DATASET ENTRIES section start

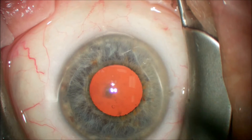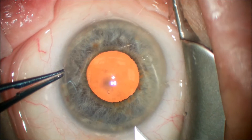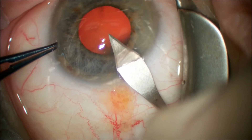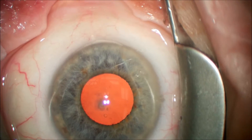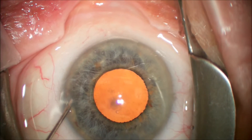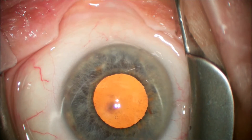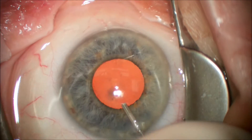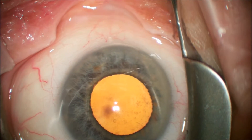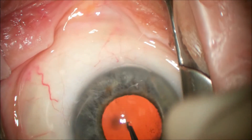You can see the pupil does not dilate more than 4 millimeters and we make our usual side port incision and 2.8 millimeter clear cornea incision temporally. We then inject phenylephrine into the anterior chamber using a 27 gauge cannula to see if we can achieve some pupillary mydriasis not obtained with the topical medications. After the phenylephrine has been in the anterior chamber for approximately 10 seconds, we inject a dispersive viscoelastic. You can see that we've got approximately another 1 to 2 millimeters of pupillary dilation.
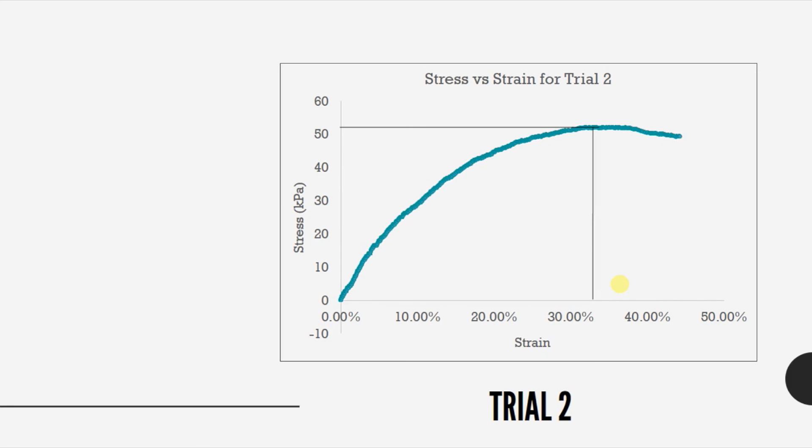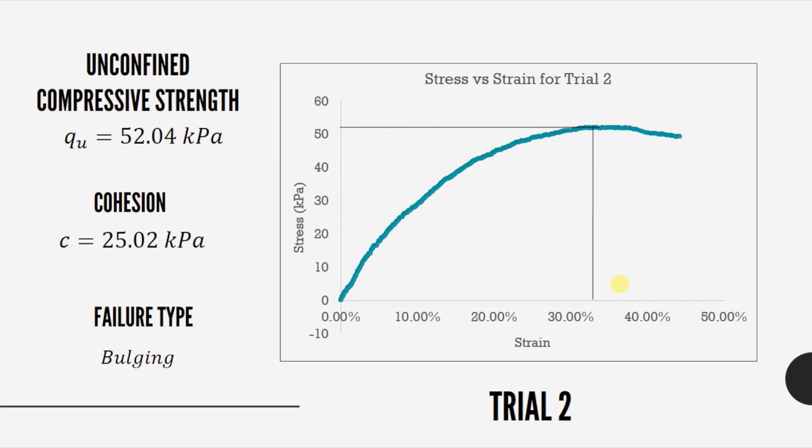The stress-strain plot shows a definitive peak, which signifies a bulging failure type. This soil sample's unconfined compressive strength is 52.04 kPa and its cohesion is 25.02 kPa.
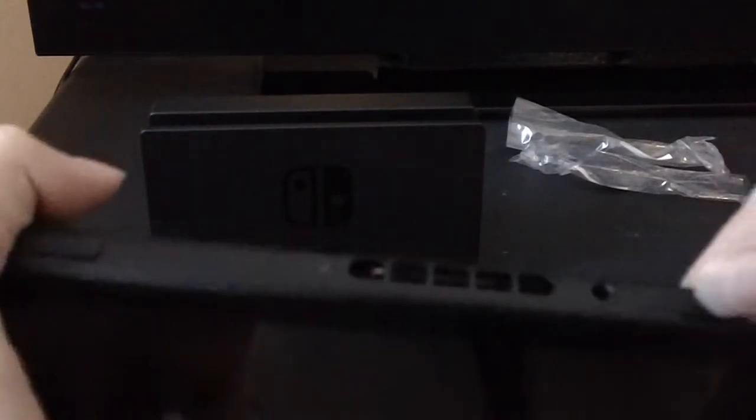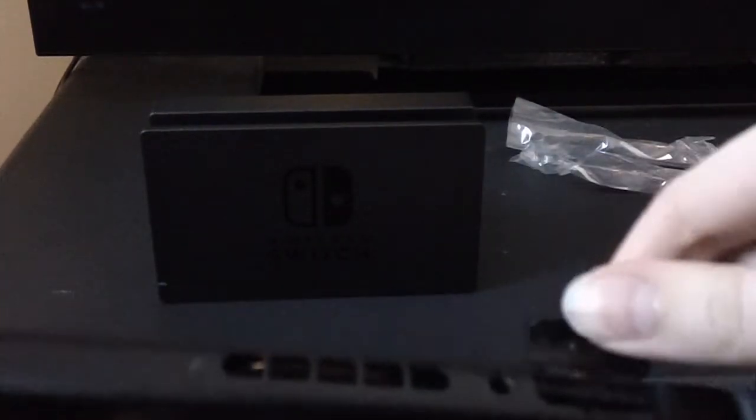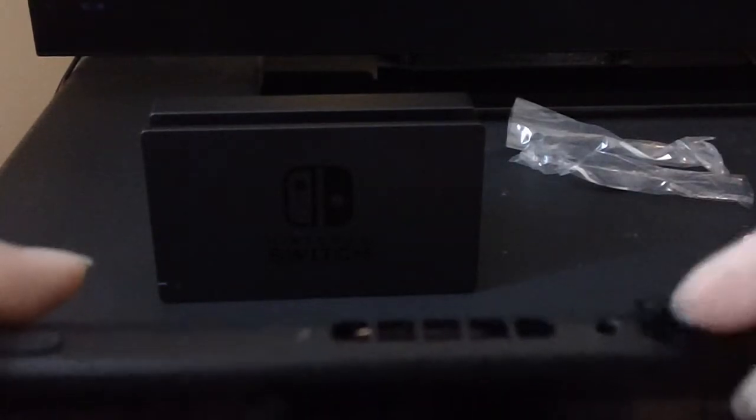And I'm going to just put it in the Switch. I think it just goes in like that, not backwards how the DS does. Yeah, that's how it goes. And then you can just turn it on and play your game.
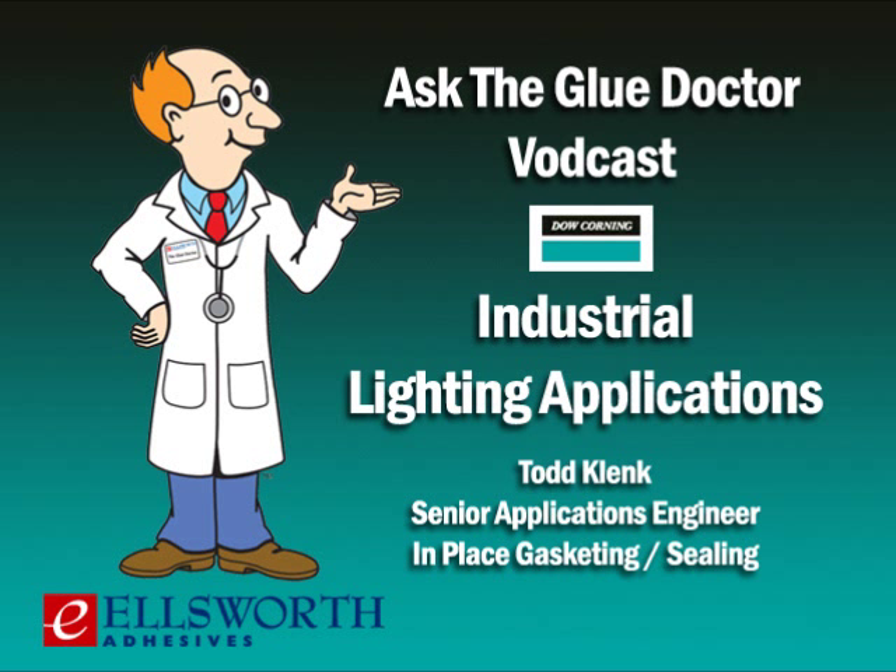Hey everybody, you're listening to another edition of Ellsworth Adhesives' Ask the Glue Doctor, the internet's only expert podcast dedicated to talking about adhesive, sealant, coating, lubricant, dispensing, and curing applications. We're broadcasting from our state-of-the-art studios in Germantown, Wisconsin. On behalf of everyone here at Ellsworth in Germantown and our offices around the world, I'd like to thank you for taking some time out of your day to download this podcast. I'm your host, Lance Brown.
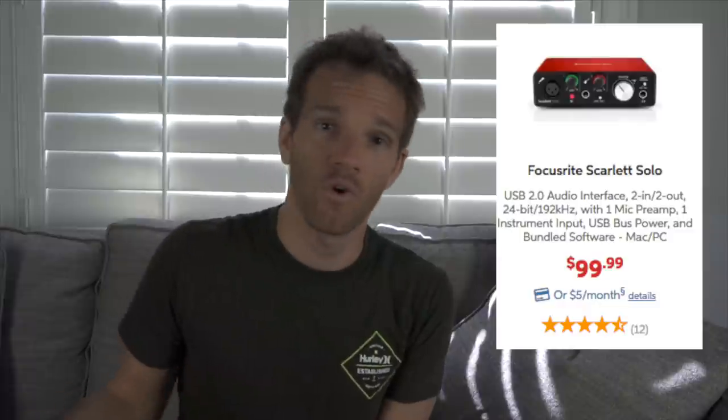The first interface is the Focusrite Scarlett Solo - it's only $100. It's perfectly fine. You can plug a microphone into it, a guitar, a bass, a keyboard, whatever. You can only do one channel at a time, which is a drawback, but you can layer things - record the guitar first, record the vocal second, and start layering them up. The preamp sounds okay, it's not the greatest thing in the world, but it definitely doesn't sound like garbage. Focusrite is a company that makes a lot of cool stuff, and the Solo is something you might want to get into.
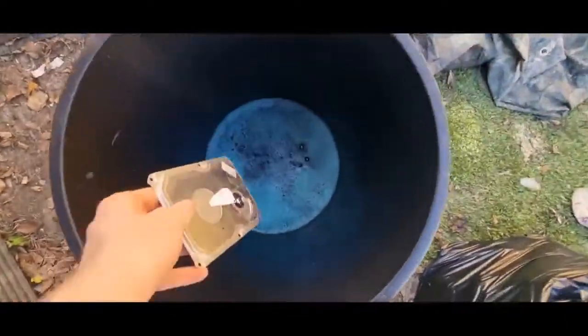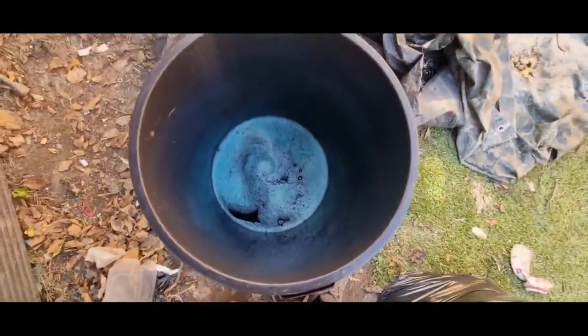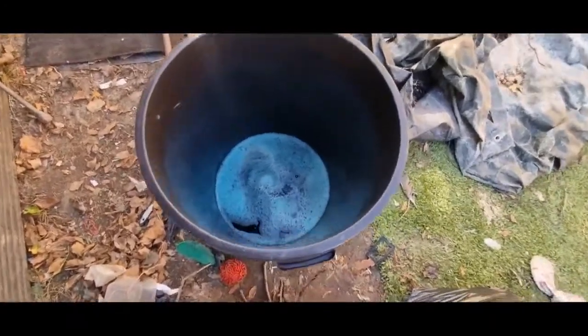I know this is steel, chuck it in anyway. You can see it bubbling already. I'm just going to put the lid on and leave it. If the bubbles weren't there you'd be able to see it reacting, but you can see it's fizzing. I'll come back later on when it's done.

DATASET ENTRIES section end

# [TASK DESCRIPTION]
If a picture sits between the line containing "Hey everybody, you're" and the line containing "The first interface", leave it out, and return the lines of that range above exactly, both ends included.

# [SOLUTION TO THE PROBLEM]
Hey everybody, you're listening to another edition of Ellsworth Adhesives' Ask the Glue Doctor, the internet's only expert podcast dedicated to talking about adhesive, sealant, coating, lubricant, dispensing, and curing applications. We're broadcasting from our state-of-the-art studios in Germantown, Wisconsin. On behalf of everyone here at Ellsworth in Germantown and our offices around the world, I'd like to thank you for taking some time out of your day to download this podcast. I'm your host, Lance Brown.
The first interface is the Focusrite Scarlett Solo - it's only $100. It's perfectly fine. You can plug a microphone into it, a guitar, a bass, a keyboard, whatever. You can only do one channel at a time, which is a drawback, but you can layer things - record the guitar first, record the vocal second, and start layering them up. The preamp sounds okay, it's not the greatest thing in the world, but it definitely doesn't sound like garbage. Focusrite is a company that makes a lot of cool stuff, and the Solo is something you might want to get into.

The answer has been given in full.